20-24 Pickling Cucumbers ( 3-3 1/2 lbs)
8 Bay Leaves
2 Bunches Fresh Dill
4-8 Tbs Dill Seeds
1/4 Cup Celtic Sea Salt
2 Tbs Mustard seeds
1/4 Cup Apple Cider Vinegar
2 Tbs Peppercorns
2 Quarts Water
2 Tbs Whole Allspice
10 Cloves Garlic
1 Tbs Turmeric
4-8 Dried Red Chili Peppers
Place half of the spices and half of the dill at the bottom of a mason jar, any glass jar, stone crock or stainless steel container. Add half of the
amount of cucumbers. Top with the rest of the spices, the dill and the cucumbers. Pour in the vinegar and water. Mix well and cover the cucumbers with this brine. Make sure cucumbers are fully covered and remain under the brine.

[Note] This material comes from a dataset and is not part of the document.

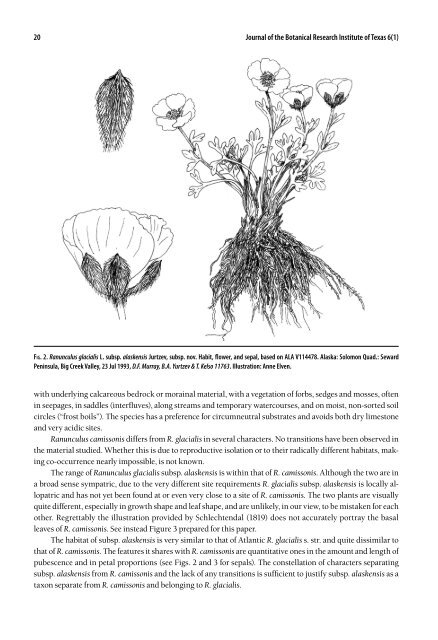 Boris A. Yurtzev David F. Murray Reidar Elven - Botanical Research ...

Store containers in a cool place between 70-80 degrees F. Lower temperatures are okay but fermentation will take longer. Temperatures above 80 degrees F. may cause spoilage so check for scum on top everyday.
Check the container often, promptly removing any scum or mold which might be forming. If the cucumbers should ever become soft and slimy or give off an obnoxious odour, it is best to discard them and start from scratch. When pickles are fermented, store in the refrigerator, making sure that the pickles are always covered with the brine.